#### Task
Only one stretch of the records below is wanted: the lines from the one holding "Moradores de condomínio" through the one holding "Volvo EX60 (2023)". Return it exactly, both ends included.

#### Material provided
********************
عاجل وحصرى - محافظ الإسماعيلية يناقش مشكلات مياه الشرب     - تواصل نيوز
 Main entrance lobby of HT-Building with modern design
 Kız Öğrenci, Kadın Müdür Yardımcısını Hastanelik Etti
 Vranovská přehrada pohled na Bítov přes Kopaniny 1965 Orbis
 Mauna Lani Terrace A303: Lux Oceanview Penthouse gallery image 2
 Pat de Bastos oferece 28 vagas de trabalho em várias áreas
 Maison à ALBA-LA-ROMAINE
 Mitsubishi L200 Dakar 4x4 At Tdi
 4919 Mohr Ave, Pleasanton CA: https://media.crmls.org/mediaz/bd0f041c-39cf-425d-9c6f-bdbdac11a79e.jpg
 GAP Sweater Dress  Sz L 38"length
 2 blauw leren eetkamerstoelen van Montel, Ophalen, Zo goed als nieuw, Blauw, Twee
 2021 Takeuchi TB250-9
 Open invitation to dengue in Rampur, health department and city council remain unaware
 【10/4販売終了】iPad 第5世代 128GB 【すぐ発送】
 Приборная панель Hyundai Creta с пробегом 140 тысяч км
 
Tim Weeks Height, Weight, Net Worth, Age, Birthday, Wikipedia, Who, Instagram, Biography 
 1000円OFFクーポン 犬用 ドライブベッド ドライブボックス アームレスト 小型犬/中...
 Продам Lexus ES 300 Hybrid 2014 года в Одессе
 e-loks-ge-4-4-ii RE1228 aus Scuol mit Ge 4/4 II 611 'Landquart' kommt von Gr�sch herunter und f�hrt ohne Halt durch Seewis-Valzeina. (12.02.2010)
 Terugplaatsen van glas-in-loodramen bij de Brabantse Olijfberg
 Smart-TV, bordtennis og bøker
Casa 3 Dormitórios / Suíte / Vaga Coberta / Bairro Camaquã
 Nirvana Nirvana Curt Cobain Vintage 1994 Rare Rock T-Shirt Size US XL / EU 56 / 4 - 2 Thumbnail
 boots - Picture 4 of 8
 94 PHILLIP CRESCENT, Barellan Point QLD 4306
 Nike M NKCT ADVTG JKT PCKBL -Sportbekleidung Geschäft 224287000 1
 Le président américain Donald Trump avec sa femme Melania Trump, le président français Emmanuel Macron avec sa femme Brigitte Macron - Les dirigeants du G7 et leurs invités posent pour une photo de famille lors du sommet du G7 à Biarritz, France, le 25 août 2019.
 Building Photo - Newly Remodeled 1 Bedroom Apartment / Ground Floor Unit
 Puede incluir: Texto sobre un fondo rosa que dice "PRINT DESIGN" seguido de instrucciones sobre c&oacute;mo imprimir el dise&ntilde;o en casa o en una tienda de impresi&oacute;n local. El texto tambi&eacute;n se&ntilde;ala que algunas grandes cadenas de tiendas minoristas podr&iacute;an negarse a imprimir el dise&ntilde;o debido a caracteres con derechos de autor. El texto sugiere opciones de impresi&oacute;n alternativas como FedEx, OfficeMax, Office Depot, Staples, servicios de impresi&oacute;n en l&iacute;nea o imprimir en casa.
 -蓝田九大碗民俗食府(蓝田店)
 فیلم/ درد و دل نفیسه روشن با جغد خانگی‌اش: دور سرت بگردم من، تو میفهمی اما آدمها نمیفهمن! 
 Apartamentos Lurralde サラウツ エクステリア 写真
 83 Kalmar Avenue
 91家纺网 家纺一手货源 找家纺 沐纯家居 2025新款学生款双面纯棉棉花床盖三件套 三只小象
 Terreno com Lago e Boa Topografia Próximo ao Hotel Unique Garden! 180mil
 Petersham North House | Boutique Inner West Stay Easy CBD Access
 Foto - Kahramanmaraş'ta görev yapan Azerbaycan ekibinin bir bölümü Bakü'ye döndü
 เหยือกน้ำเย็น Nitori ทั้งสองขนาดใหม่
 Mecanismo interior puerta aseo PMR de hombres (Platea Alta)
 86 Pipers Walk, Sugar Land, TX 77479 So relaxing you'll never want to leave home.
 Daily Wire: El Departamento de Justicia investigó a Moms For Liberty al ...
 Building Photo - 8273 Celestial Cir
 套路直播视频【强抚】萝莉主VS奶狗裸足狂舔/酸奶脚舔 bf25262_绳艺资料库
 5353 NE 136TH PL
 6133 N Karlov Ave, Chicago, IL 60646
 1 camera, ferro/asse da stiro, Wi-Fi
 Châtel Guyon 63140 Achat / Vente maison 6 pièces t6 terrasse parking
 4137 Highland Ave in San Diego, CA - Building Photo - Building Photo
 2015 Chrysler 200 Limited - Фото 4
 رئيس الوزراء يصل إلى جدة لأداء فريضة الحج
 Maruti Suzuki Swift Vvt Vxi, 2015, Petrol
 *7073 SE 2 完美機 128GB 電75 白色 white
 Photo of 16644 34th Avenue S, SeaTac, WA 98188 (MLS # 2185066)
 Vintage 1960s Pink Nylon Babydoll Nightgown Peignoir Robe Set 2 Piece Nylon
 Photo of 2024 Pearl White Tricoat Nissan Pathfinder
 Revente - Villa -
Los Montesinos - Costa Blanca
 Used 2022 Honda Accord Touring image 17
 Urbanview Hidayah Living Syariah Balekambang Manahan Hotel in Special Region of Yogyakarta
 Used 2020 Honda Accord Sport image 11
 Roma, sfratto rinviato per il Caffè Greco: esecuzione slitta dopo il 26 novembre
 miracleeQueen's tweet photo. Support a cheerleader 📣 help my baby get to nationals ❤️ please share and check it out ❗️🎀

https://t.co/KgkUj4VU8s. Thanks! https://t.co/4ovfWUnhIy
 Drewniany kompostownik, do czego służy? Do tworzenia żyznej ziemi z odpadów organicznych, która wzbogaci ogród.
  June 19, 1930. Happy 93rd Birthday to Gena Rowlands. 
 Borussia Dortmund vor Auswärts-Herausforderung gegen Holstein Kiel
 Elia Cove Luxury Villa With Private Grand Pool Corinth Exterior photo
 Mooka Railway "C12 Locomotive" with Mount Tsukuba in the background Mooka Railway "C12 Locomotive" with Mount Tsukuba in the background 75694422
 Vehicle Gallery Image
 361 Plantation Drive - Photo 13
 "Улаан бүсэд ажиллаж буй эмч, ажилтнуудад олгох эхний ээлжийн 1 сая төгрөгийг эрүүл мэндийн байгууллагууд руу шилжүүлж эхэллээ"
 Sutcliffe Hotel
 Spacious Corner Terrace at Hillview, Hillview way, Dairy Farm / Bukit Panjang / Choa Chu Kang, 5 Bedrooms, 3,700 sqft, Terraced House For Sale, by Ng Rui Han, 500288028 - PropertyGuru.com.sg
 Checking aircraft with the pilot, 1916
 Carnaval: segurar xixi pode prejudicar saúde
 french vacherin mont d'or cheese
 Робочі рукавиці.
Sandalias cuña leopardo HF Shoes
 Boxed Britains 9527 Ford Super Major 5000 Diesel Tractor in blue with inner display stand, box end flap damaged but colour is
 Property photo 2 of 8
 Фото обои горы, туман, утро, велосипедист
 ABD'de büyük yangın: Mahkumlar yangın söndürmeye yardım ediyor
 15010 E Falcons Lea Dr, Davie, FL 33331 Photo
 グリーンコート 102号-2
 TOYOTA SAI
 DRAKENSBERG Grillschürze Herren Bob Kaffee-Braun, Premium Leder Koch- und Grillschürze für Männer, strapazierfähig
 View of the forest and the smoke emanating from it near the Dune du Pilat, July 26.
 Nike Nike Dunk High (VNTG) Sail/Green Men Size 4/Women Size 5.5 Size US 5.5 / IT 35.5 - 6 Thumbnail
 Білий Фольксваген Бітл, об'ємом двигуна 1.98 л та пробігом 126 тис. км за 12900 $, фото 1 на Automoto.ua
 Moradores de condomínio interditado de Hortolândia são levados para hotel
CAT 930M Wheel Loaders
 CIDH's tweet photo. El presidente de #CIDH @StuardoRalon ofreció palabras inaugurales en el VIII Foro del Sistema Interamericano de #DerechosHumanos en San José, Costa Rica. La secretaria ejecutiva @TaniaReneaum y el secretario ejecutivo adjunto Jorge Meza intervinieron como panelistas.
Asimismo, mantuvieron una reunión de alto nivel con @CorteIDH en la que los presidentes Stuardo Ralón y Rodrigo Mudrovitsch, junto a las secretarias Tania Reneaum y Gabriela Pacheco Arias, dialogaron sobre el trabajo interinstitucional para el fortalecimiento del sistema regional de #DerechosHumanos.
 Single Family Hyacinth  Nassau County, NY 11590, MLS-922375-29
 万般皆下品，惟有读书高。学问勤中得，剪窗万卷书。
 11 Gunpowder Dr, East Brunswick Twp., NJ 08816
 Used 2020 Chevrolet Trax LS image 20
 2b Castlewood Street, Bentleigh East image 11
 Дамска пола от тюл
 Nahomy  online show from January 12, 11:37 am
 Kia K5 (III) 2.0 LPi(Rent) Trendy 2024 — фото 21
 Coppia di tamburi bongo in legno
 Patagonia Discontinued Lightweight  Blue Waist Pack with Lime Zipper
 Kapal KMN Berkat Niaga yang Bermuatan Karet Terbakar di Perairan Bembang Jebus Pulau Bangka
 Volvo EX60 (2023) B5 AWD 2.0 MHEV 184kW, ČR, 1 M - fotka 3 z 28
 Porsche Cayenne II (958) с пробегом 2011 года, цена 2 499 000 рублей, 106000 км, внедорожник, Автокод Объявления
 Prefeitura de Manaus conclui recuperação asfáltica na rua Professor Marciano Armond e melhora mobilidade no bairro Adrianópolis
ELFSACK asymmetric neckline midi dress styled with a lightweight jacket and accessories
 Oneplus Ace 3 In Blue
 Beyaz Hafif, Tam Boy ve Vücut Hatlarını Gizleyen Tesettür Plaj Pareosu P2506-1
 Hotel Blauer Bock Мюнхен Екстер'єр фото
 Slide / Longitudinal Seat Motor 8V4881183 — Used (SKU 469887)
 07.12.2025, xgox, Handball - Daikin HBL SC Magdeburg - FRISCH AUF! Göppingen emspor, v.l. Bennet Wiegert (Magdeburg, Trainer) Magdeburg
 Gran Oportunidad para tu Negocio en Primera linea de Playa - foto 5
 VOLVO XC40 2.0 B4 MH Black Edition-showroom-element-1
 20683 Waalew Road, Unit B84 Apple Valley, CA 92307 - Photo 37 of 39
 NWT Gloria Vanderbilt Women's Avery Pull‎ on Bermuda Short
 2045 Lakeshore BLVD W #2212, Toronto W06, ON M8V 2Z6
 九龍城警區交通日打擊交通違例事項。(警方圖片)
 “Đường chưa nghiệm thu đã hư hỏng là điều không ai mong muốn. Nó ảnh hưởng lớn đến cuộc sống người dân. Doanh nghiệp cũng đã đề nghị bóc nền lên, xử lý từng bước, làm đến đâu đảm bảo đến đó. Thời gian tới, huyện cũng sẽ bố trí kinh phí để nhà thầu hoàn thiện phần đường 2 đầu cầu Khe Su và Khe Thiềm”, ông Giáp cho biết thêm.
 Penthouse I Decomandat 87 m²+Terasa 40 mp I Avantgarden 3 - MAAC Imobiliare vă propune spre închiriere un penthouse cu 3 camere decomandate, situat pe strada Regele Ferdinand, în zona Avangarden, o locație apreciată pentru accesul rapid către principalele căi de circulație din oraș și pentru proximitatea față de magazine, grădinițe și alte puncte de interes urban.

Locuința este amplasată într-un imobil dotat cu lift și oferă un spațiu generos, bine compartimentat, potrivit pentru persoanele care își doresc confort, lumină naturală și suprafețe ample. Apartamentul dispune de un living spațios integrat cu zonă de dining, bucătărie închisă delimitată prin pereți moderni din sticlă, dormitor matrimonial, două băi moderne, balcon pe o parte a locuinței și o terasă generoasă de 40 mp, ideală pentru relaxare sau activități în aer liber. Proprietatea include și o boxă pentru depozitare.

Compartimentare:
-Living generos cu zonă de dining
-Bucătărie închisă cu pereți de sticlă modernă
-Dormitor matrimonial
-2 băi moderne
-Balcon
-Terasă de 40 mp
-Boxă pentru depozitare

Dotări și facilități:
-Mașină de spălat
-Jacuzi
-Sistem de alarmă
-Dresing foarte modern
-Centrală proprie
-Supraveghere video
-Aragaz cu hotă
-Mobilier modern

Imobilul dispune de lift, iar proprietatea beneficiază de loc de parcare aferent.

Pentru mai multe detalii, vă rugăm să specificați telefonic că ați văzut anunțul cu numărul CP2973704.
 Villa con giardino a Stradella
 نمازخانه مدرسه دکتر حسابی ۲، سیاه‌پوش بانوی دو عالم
********************
#### Reply to the task
 Moradores de condomínio interditado de Hortolândia são levados para hotel
CAT 930M Wheel Loaders
 CIDH's tweet photo. El presidente de #CIDH @StuardoRalon ofreció palabras inaugurales en el VIII Foro del Sistema Interamericano de #DerechosHumanos en San José, Costa Rica. La secretaria ejecutiva @TaniaReneaum y el secretario ejecutivo adjunto Jorge Meza intervinieron como panelistas.
Asimismo, mantuvieron una reunión de alto nivel con @CorteIDH en la que los presidentes Stuardo Ralón y Rodrigo Mudrovitsch, junto a las secretarias Tania Reneaum y Gabriela Pacheco Arias, dialogaron sobre el trabajo interinstitucional para el fortalecimiento del sistema regional de #DerechosHumanos.
 Single Family Hyacinth  Nassau County, NY 11590, MLS-922375-29
 万般皆下品，惟有读书高。学问勤中得，剪窗万卷书。
 11 Gunpowder Dr, East Brunswick Twp., NJ 08816
 Used 2020 Chevrolet Trax LS image 20
 2b Castlewood Street, Bentleigh East image 11
 Дамска пола от тюл
 Nahomy  online show from January 12, 11:37 am
 Kia K5 (III) 2.0 LPi(Rent) Trendy 2024 — фото 21
 Coppia di tamburi bongo in legno
 Patagonia Discontinued Lightweight  Blue Waist Pack with Lime Zipper
 Kapal KMN Berkat Niaga yang Bermuatan Karet Terbakar di Perairan Bembang Jebus Pulau Bangka
 Volvo EX60 (2023) B5 AWD 2.0 MHEV 184kW, ČR, 1 M - fotka 3 z 28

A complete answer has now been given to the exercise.